Fresh off one of the worst films of his career — the Japan-set, lightly fictive Family Romance, LLC — Herzog here opts to co-direct Fireball: Visitors from Darker Worlds with Clive Oppenheimer, a British volcanologist who has appeared in some of his previous documentaries, such as the aforementioned Antarctic Encounters and 2016’s Into the Inferno. Oppenheimer doesn’t just co-direct, though, but also operates as the film’s center: he acts as interviewer to the film’s chosen experts, explores various locales, and guides the informational rhetoric of choice in Fireball — meteorites.
So yeah, theoretically fascinating stuff, made a bit more attractive thanks to the meme-worthy but always entrancing narration courtesy of Herzog. What’s less familiar here is the German filmmaker’s role as a mentor figure for Oppenheimer, who takes the reins in navigating the considerable subject matter and locations. He’s only periodically interrupted by Herzog, who jumps in to question certain images and conclusions, and (in true Werner fashion) inserts himself into interviews in order to chime in with some esoteric musings that connect the film’s science-centric presentation with the director’s familiar mystical leanings. And as the film proceeds, Oppenheimer increasingly employs similar tactics, which makes for an interesting sub-narrative of its own amidst all the talk of space and rocks and potential Armageddon.

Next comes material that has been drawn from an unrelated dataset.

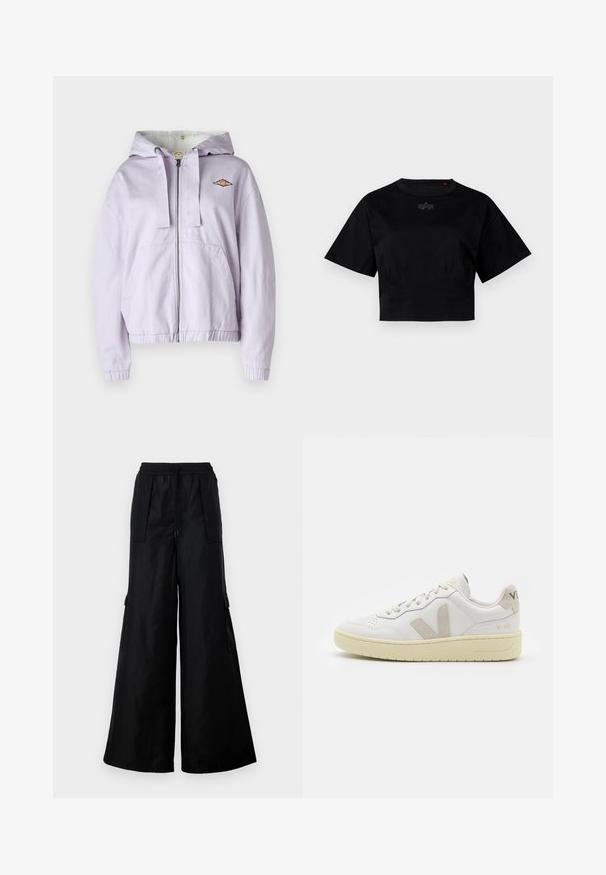 Lavendel zip-up hættetrøje med blødt inderfor, ribbede manchetter og kant. Har et broderet logo på brystet og to frontlommer.; Sort cropped t-shirt lavet af bomuld. Har korte ærmer og en rund halsudskæring. Indeholder en diskret logodetalje på brystet.; Sorte bredbenet cargo bukser lavet af et glat, let materiale. Har elastisk talje, snor og sidelommer.; Hvide lærreds sneakers med beige ruskindsdetaljer, perforeret tåboks, flade snørebånd og en struktureret cremefarvet sål. Har diskret branding på hælen.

But, at its core, Fireball is, quite literally, still a film about people looking at rocks that fell from the heavens. There’s a long segment in which we see Oppenheimer picking up one such heavy rock: his face is full of wonder, surprise, and excitement, but these feelings don’t effectively transfer to viewers with the same vitality. Why exactly is holding a rock that fell from space so powerful and important? It’s communicated many times throughout the film that we’re all made from the very same elements as those meteorites, and the famous Carl Sagan adage — “We’re made of star stuff” — is repeated by at least three different people. What’s only hinted at and never properly explored is why and how holding one of these falling stars is such a wonderful truth, on par with, say, holding our loved ones?
There’s no denying Fireball features some fascinating segments, such as when the directing duo explores the station that surveils Earth’s orbit twenty-four-seven as a precaution against any large meteorites that would strike our planet and wreak devastation. And other Herzogian moments intrigue, such as when the director jumps in to add a meta wrinkle by narrating and criticizing a particular shot’s mise-en-scène. Mostly though, Fireball only manages to slightly outpace — in entertainment value, information dissemination, and poetic consideration — any made-for-TV National Geographic dissertation on the same subject.
You can stream Werner Herzog & Clive Oppenheimer’s Fireball: Visitors from Darker Worlds on Apple TV+ beginning on November 13.